Direktur Penegakan Hukum DJKI Brigjen Pol. Arie Ardian Rishadi menegaskan bahwa penegakan hukum KI kini berada pada titik krusial. Menurutnya, masyarakat dunia kini tidak lagi menghadapi pelanggaran yang bersifat lokal dan sporadis, tetapi jaringan pelanggaran yang terorganisir dan lintas yurisdiksi.
“Karena itu, pendekatan penegakan hukum harus bertransformasi menjadi lebih adaptif, berbasis intelijen digital, dan melibatkan sinergi kuat antara aparat penegak hukum, pelaku industri, serta platform digital,” ujarnya.

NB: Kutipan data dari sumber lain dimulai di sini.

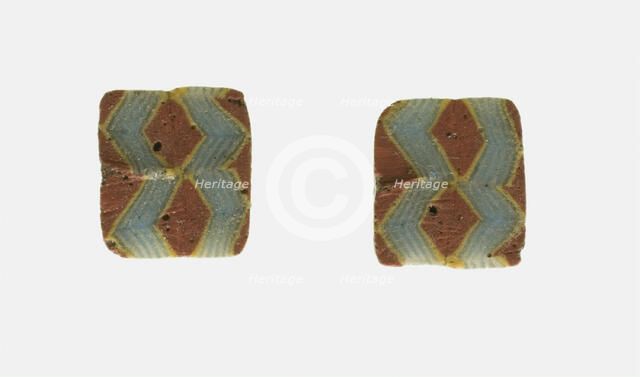 Fragment of Inlays Depicting a Zig-zag Pattern, 1st century BCE-1st century CE. Creator: Unknown.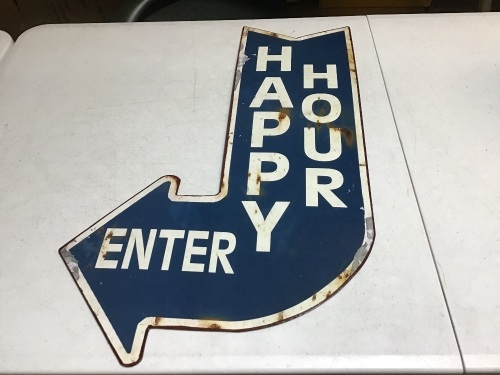 Vintage Metal "Happy Hour" Arrow Signage. Appears New - Lot 303
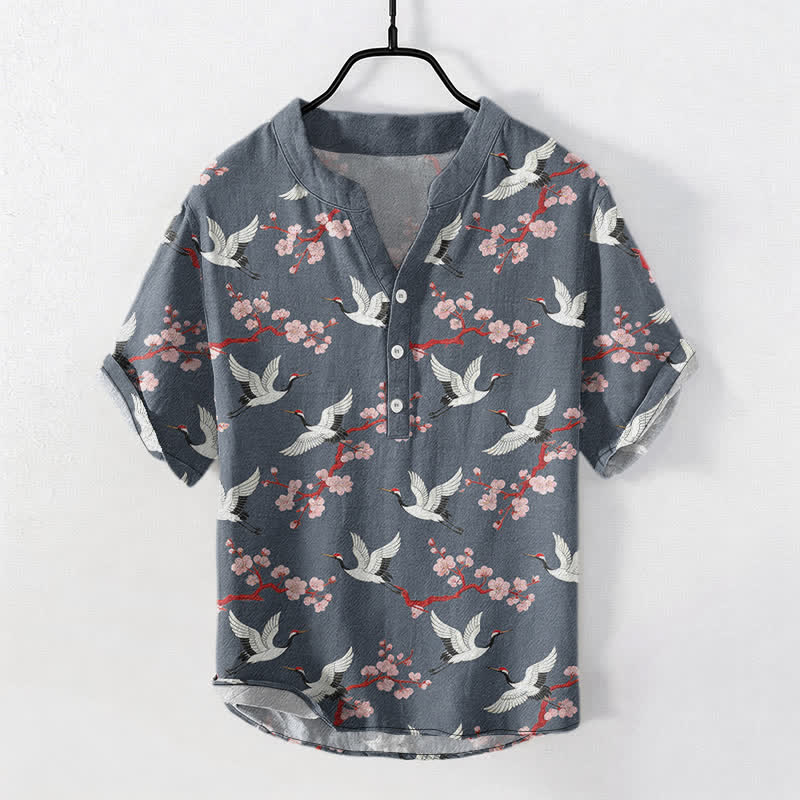 Buddha Stones Chemise Henley à manches courtes pour homme Crane Plum Blossom - Gris ardoise - US/UK/AU50，EU60 (5XL) - image 7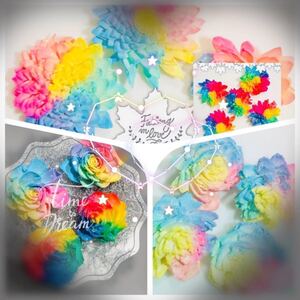 ( ソーラーFlower・4種/Rainbow専用ページ・中size/ラメ付・5輪!)加工 ソーラーフラワー ハーバリウム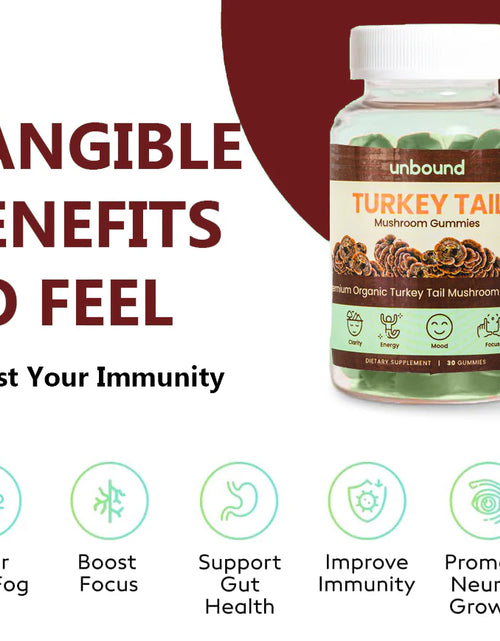 Load image into Gallery viewer, Unbound Turkey Tail Mushroom Gummies for Cognitive Functioning, Improve Sleep, Boost Immunity
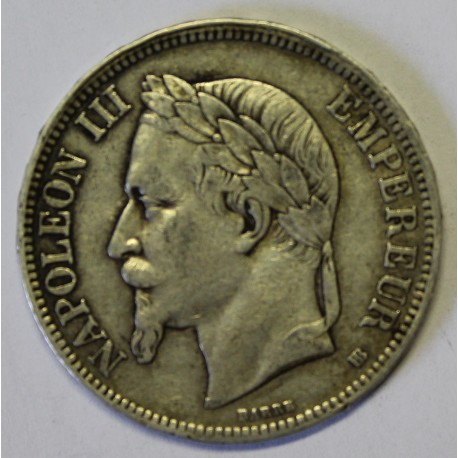 GADOURY 739 - 5 FRANCS 1867 BB - Strabourg - TYPE NAPOLEON III - KM 799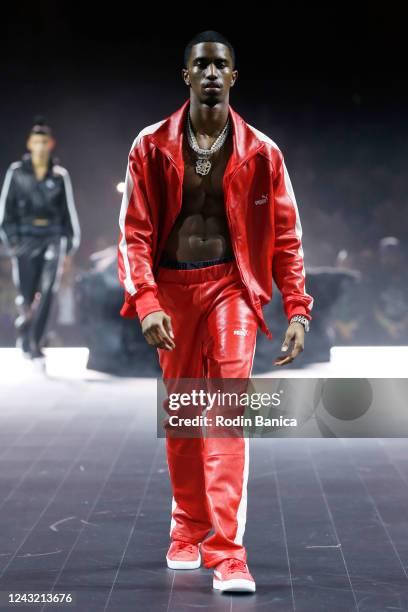 Model King Combs walks the runway at Puma Futrograde Spring 2023 ready to wear fashion show at Cipriani 25 Broadway on September 13, 2022 in New...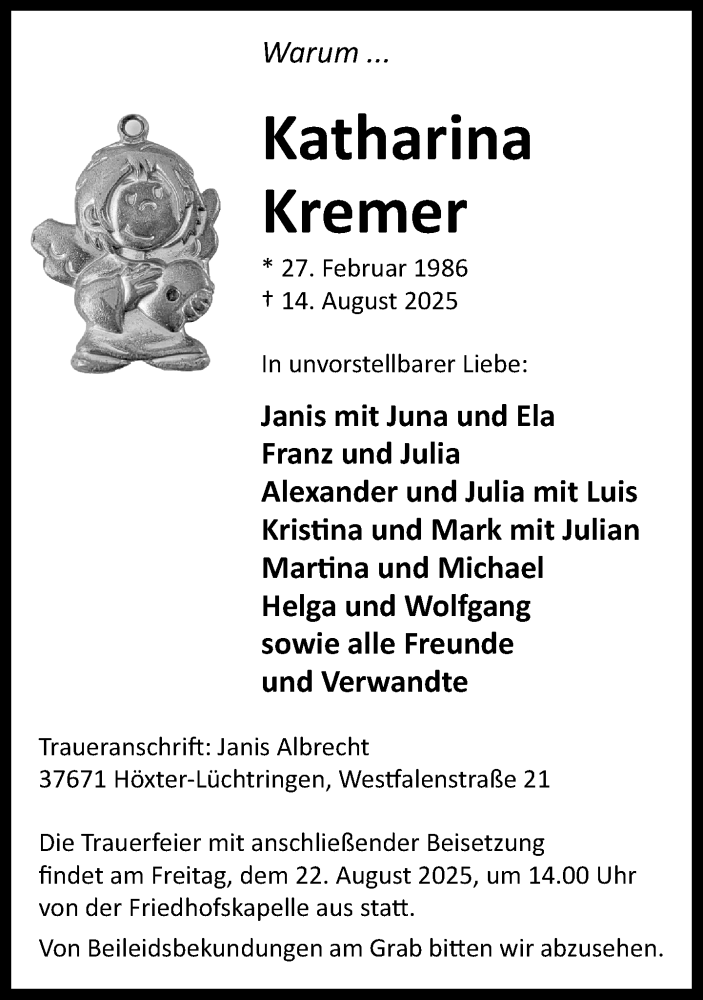  Traueranzeige für Katharina Kremer vom 19.08.2025 aus Neue Westfälische und Westfalen-Blatt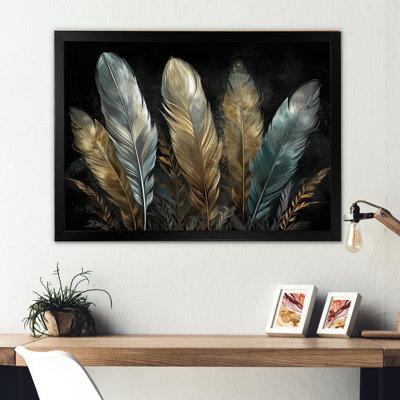 «Roslie Gold Gilded Feathers II», reproduction sur toile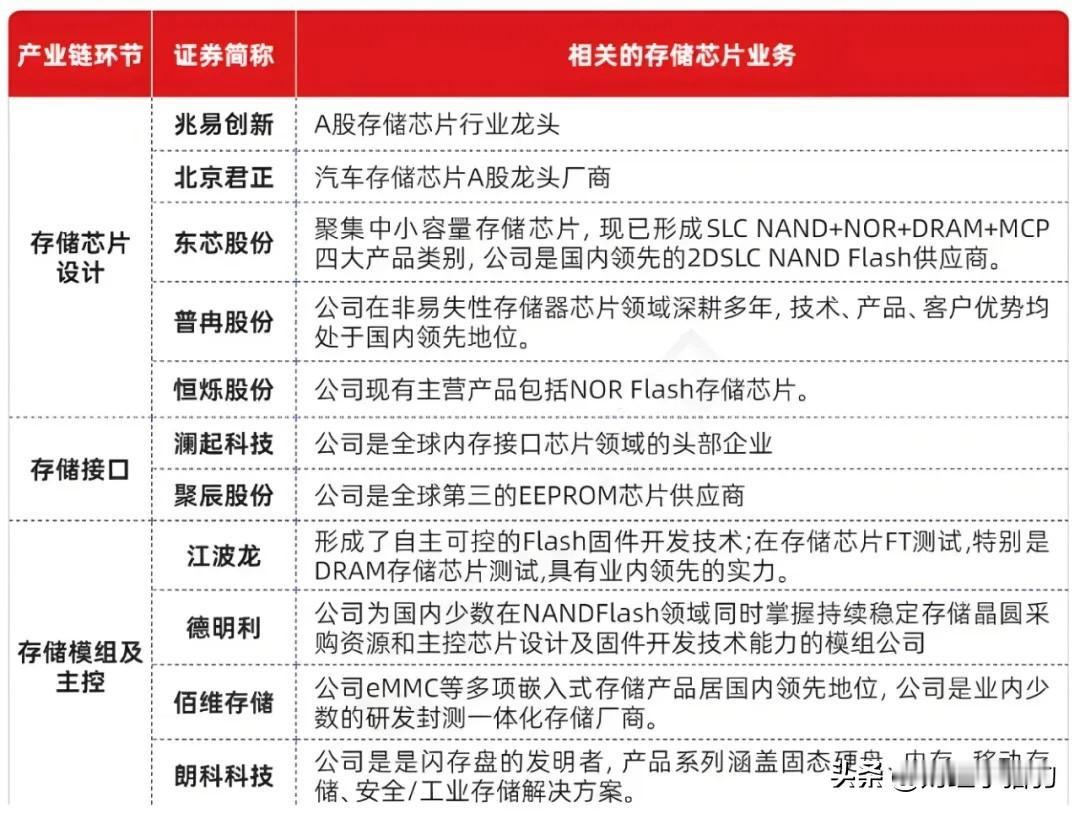 大幅涨价，存储芯片概念股汇总（名单），建议查看2025年第一季度，存储芯片龙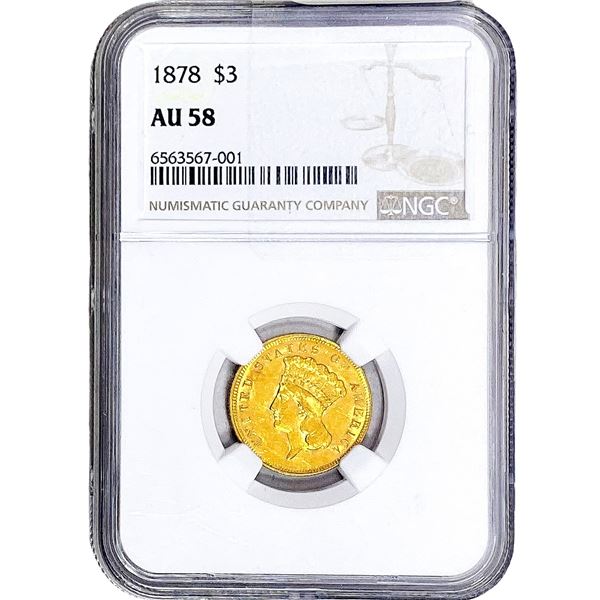1878 .1454 OZ Gold $3 NGC AU58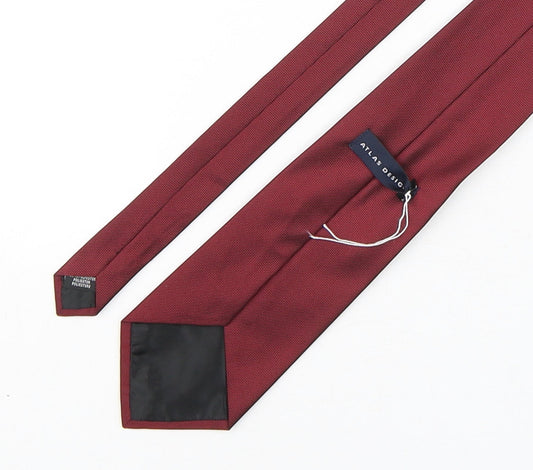 Atlas Design Mens Red Grenadine Polyester Pointed Tie One Size
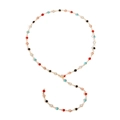 Detailed close-up of gold chain necklace featuring multi-colored round faceted crystals - Round Crystal Style (NK27440-1)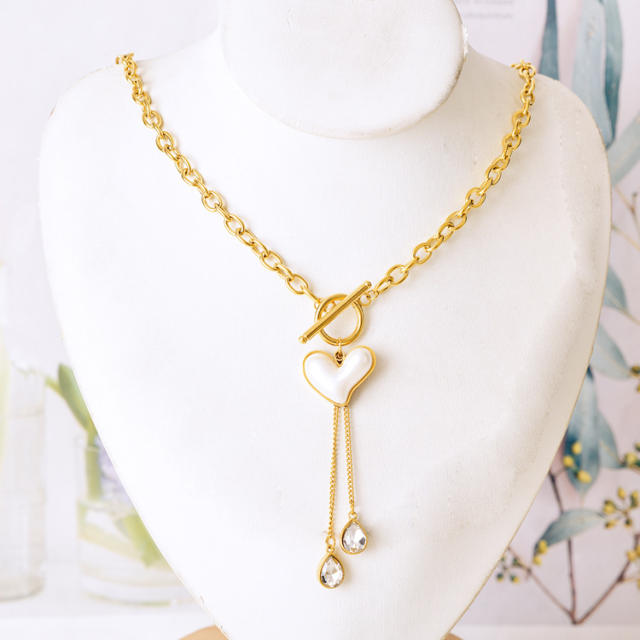 Personality gold color black clover heart toggle stainless steel necklace sweater chain
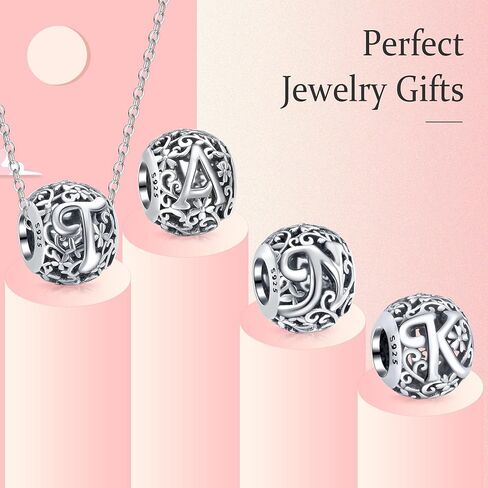 حرف T سحر 925 فضة الأبجدية الخرزة للأساور تهجئة كلمتك in Kuwait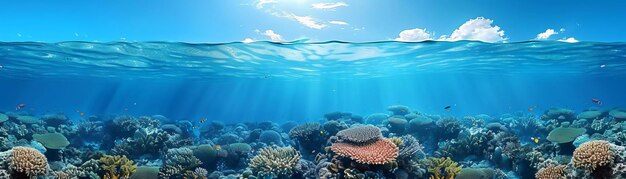 Blue sea sky coral reef below flat design front view underwater beauty theme 3D render Triadic Color Scheme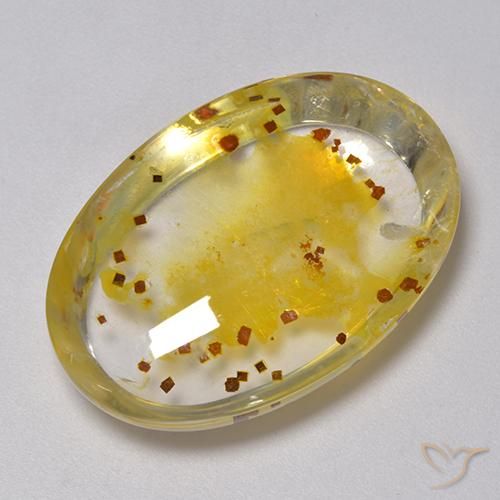 40.57ct Natural Multicolor Cuarzo con marcasita, Ovalada, Transparente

Brigjen Arie menjelaskan bahwa perkembangan teknologi informasi dan kecerdasan buatan telah mengubah pola pelanggaran KI menjadi lebih kompleks, mulai dari penggunaan identitas anonim, penggandaan digital, hingga penyebaran konten pelanggaran berskala besar. Untuk menjawab tantangan tersebut, DJKI kini tengah membentuk Satuan Tugas Pengawasan Perdagangan dan Penanggulangan Pelanggaran KI.
“Satuan tugas ini akan menjadi katalis koordinasi nasional antara DJKI, Bea dan Cukai, Kepolisian, serta pelaku industri dan platform digital untuk menekan peredaran barang tiruan di pasar fisik maupun daring,” jelasnya.
Sementara itu, Carsten Sorensen, Head of Trade, European Union Delegation to Indonesia, menyoroti pentingnya penegakan hukum KI sebagai fondasi iklim investasi yang sehat. Menurutnya komitmen akan jalannya hukum yang pasti menjadi fundamental dalam menjaga iklim investasi dan perdagangan yan baik.
“Kita perlu berkomitmen agar perdagangan dan investasi berjalan di bawah hukum yang pasti, menciptakan lingkungan yang stabil termasuk dalam penegakan kekayaan intelektual,” tuturnya.
Ia menambahkan bahwa kepastian hukum tidak cukup di atas kertas, melainkan harus diwujudkan melalui implementasi nyata. Penegakan hukum sangat penting pula untuk membangun kepercayaan masyarakat dalam perdagangan.
Oleh karena itu, dia menyatakan program dan inisiatif seperti SCOPE IPR (EU-ASEAN Sustainable Connectivity Package - Intellectual Property Rights) menjadi wujud nyata kerja sama dan komitmen otoritas publik antarnegara yang akan memastikan aturan internasional diterapkan untuk mewujudkan sistem KI yang lebih baik.
Kegiatan ini dihadiri oleh perwakilan Kantor Kekayaan Intelektual Denmark, ASEAN Secretariat, pelaku e-commerce, aparat penegak hukum, dan pemilik KI dari berbagai negara anggota ASEAN. Diskusi berfokus pada praktik terbaik dalam pengawasan perdagangan lintas batas, forensik digital, serta mekanisme pelaporan pelanggaran di platform daring.
Melalui workshop ini, DJKI menegaskan kembali komitmennya untuk memperkuat sistem penegakan hukum yang tidak hanya melindungi pemilik hak, tetapi juga menjaga kepercayaan konsumen dan memastikan ekosistem perdagangan yang sehat dan berintegritas. Masyarakat dan pelaku usaha diimbau untuk aktif mendaftarkan, melaporkan, dan melindungi kekayaan intelektualnya. Pendaftaran KI adalah langkah awal pelindungan hukum yang memberi kepastian dan perlindungan penuh terhadap inovasi, baik di tingkat nasional maupun internasional.